Garrett Oliver loves English beer. Indeed, he's made a career out of it - in the US. Michael Jackson joins him for a pint

In his latest rampage through the world of food and drink, A Cook's Tour, New York chef-author Anthony Bourdain calls British ales "some of the finest alcoholic beverages in the world". Indeed, the New York foodie world embraces beer. The local chapter of the American Institute for Wine and Food has, despite its name, run beer-tastings as fund-raisers. So has the local convivium of Slow Food. Not only do American chefs appreciate and serve good beers more than their British counterparts, and often favour our beers – the United States has celebrity brewers.

When the city gained a new brewery in Brooklyn a few years ago, Mayor Rudolph Giuliani was there to pull the first pints. The brewer, Garrett Oliver, admired by peers and by devoted beer-lovers, is one of America's celebrity brewers. He's an eloquent broadcaster, currently producing a book for HarperCollins on beer and food, though this particular Oliver's media exposure doesn't mean he's mobbed in the New York streets by autograph hunters. But his world-beating beers were originally inspired by British ales, and he likes to return the compliment, by acting as a guest brewer here.

His work is currently featured at one of his favourite breweries, John Willie Lees, of Middleton, in Greater Manchester. Lees recently won attention for its wood-finished Harvest Ale. Now, Brooklyn Best Bitter will be available in Lees' pubs in the Manchester area from next week. In an imaginative exchange, Lees' own brewer, Giles Dennis, will brew in New York later this month.

Oliver is an all-round creative type. "I got a degree in film-making, then discovered that it qualified me to drive a cab," he muses. "If life was this puzzling, I might as well be confused in style." To an American fresh out of college, that meant coming to Europe. "I finished up stage-managing rock bands for the University of London Union."

What did he learn in Britain? "The notion that beer was worthy of attention. When I went out with friends, it was the first topic of conversation." I wonder whether this is still true, while he rehearses lines I have heard a thousand times: "The beer was brilliant tonight... it was cracking tonight... it was spot on."

This testifies to enthusiasm, but does not describe what is good about the beer. "The brilliance of the British brewer is his ability to coax a lot of expressive flavours out of not very much alcohol. These beers are designed to be consumed by the pint all evening, and still to taste wonderful at closing time," argues Oliver. "There is a subtlety that keeps your attention throughout the evening. To brew like this is an art form." In a pub in Suffolk, Oliver was served a pint of Adnams. "The aromas of sea air and new-mown hay – I thought it was the most miraculous thing I had ever stuck my nose in. I was enjoying the aromas when they brought the food I had ordered. I wanted to savour the aromas a little longer, so I asked them to take away the food."

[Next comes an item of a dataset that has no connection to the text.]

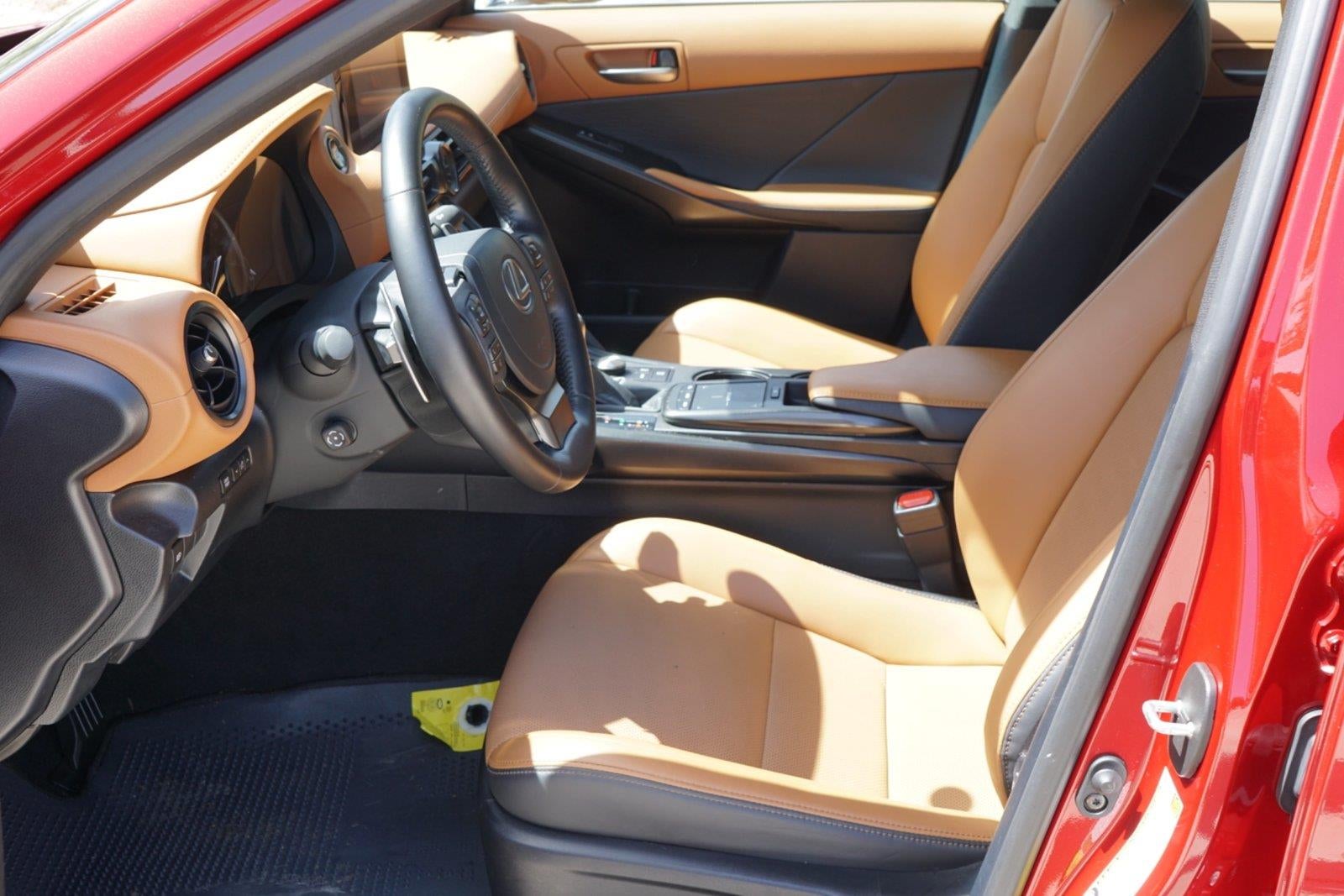 2025 Lexus IS IS 300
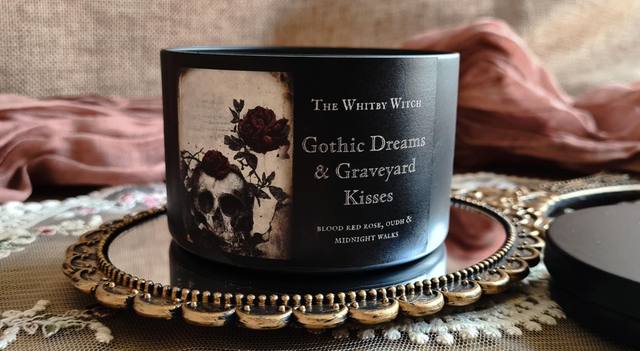 Gothic Dreams and Graveyard Kisses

After learning to home-brew, then turning professional, he worked for a year or two at a New York brewpub in the late 1980s. In 1996, the Brooklyn Brewery opened, with Oliver manning the kettles. One of the founders was Steve Hindy, a former Newsday reporter who had been briefly kidnapped in Palestine and decided that New York was a safer place. As a one-time newspaperman, Hindy knew how to publicise a new, full-scale brewery in a city that had only brewpubs.

Oliver's beers for Brooklyn have included a Brown Ale with richer flavours than anything from Tyneside; an India Pale Ale as aromatic as bison-grass; and a Black Chocolate Stout that tastes as good as Sacher Torte.

Last year, he came to Britain to produce a guest brew at Brakspear's, of Henley-on-Thames. This was a bitter made with English malts and Washington State hops: the grapefruity Cascade hop and the more lemony Chinook, which reminds some tasters of the Riesling grape.

The bright American hop character was well received, but perhaps the leap was not too great. Drinkers of Brakspear's are accustomed to hefty hopping, albeit with more subtle English varieties This time in Manchester, he used a third hop variety: Willamette, in which you'll find a hint of aniseed. The intention is to round the beer out a little more. It will still be very hoppy, I am assured, but Oliver has sought not to frighten drinkers who are accustomed to the maltier style of Lees' regular ales. The beer will be called Brooklyn Best Bitter. One for Manchester United fans? Probably too tasty for them.

Oliver, now 39, looks more like a jazz musician than soccer fan. The impression is topped by his current favourite hat, like the one Lester Young wore. "I designed it myself; had it made," he grins. For this recent trip to Manchester he packed a Purdy – which turned out to be a waistcoat, not a sporting gun – and a Beretta shirt. He believes appearances matter. "If I wore a baseball hat backwards, would that inspire confidence?" he asks. "Would people want to buy what I produce?"